Given the generating function below, I was struggling trying to come up with a way to get a closed form for the coefficients. $$F(X) = \frac{x^8(x+x^2+x^3)}{(1-x^5)(1-x^2)(1-x)}$$
The question I got this from asked for the closed form of $x_1+5x_2+2x_3+x_4=n$ if $x_4\le3$ and $x_i\ge1$.
I started by trying out partial fraction decomposition, but I'm not sure how to approach it, and there aren't any other avenues I can think of right now. Any advice would be much appreciated!
This is more than a hint but less than a solution, though it should be enough to guide you towards one with a bit of work.
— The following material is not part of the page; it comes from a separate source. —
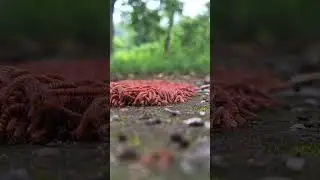 Red Milpitas,, in the jungle #forest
Here is a general form of partial fractions that you can use. Suppose that we have a rational function $$R(x)=\frac{f(x)}{g_1(x)g_2(x)\ldots g_n(x)}.$$
Further, suppose that the total degree on top is strictly smaller than the total degree on the bottom, and that all the $g_i(x)$ are relatively prime, that is, they have no factors in common. Then we can find $f_1(x), \ldots, f_n(x)$ with $\deg f_i(x)<\deg g_i(x)$ such that
$$R(x)=\sum_i \frac{f_i(x)}{g_i(x)}.$$
In your particular case, the factors in the bottom all share a factor of $(1-x)$, and so you will have to factor that out and group them all together. Additionally, since the goal is to find a power series, and multiplying a power series by $x^k$ is easy, you might as well factor out $x^9$ from the numerator. This reduces the problem to expressing
$$ \frac{1+x+x^2}{(1-x^5)(1-x^2)(1-x)} = \frac{f_1(x)}{1+x+x^2+x^3+x^4} + \frac{f_2(x)}{1+x}+\frac{f_3(x)}{(1-x)^3}$$ where $\deg f_1(x)\leq 3, \deg f_2(x)=0, \deg f_3(x)\leq 2$.
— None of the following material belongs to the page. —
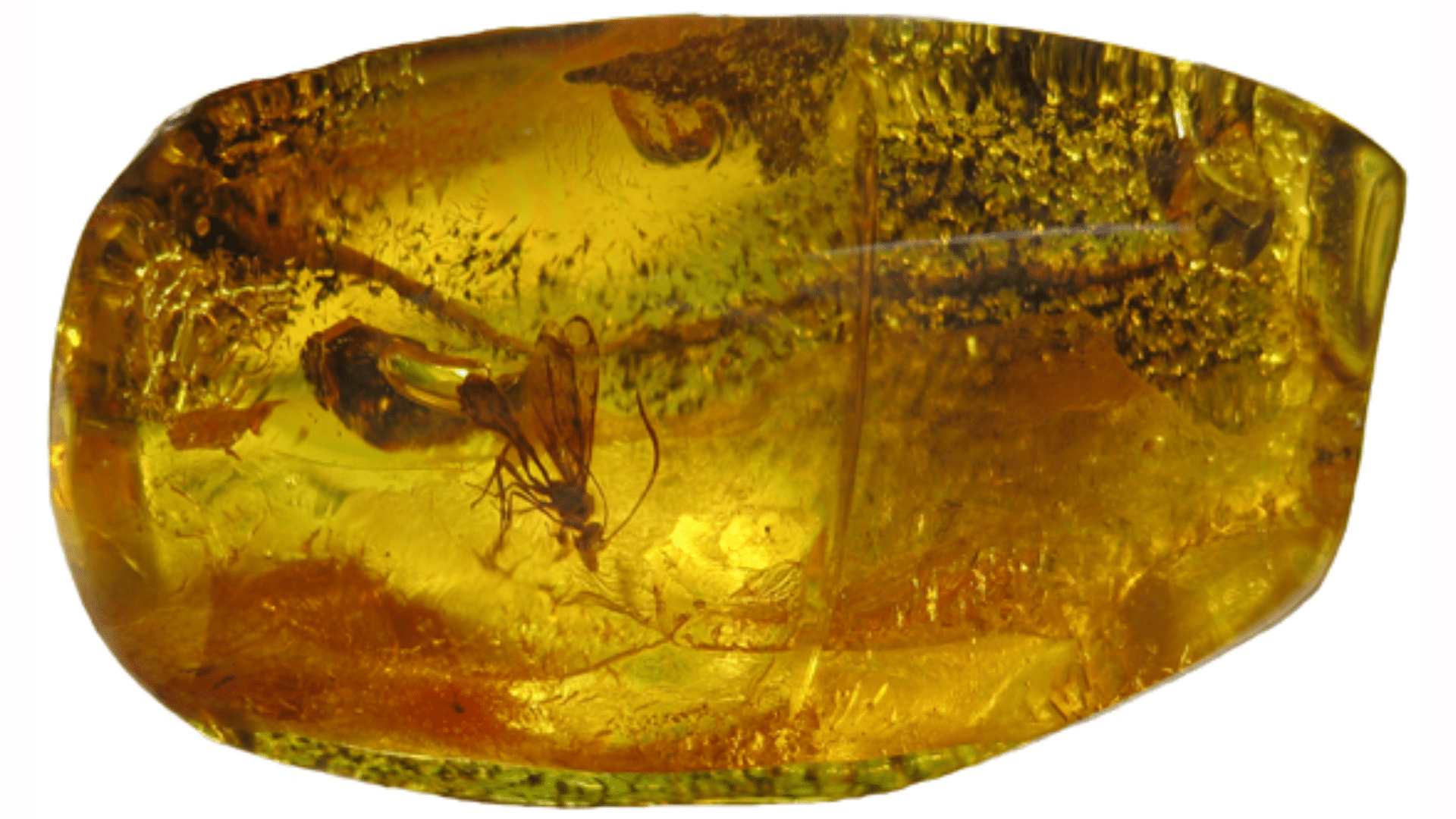 Resin Fossils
Multiplying through to clear denominators, this becomes
$$1+x+x^2=f_1(x)(1-x^2)(1-x)^2 + f_2(x)(1-x^5)(1-x)^2 + f_3(x)(1+x+x^2+x^3+x^4)(1+x).$$
Unfortunately, from this point, there is messy algebra to do, plugging in generic polynomials with undetermined coefficients for the $f_i(x)$ and solving. There are a few little tricks you can use to aid your work, but it's going to be rough going in any case, but it is doable. As a hint for this part, I suggest using the fact that if $h(x)=(1-x)^3g(x)$, then $h(1)=h'(1)=h''(1)=0$ in order to find $f_3(x)$ first, and plug in $x=-1$ to find $f_2(x)$. This will leave only $f_1(x)$ unknown, and at this point you can either expand out and compare coefficients or plug in at 4 other random points (such as $0$, $\pm 2$, $3$) to get a system of linear equations to solve for the coefficients. But there are many ways to approach this, so don't feel constrained.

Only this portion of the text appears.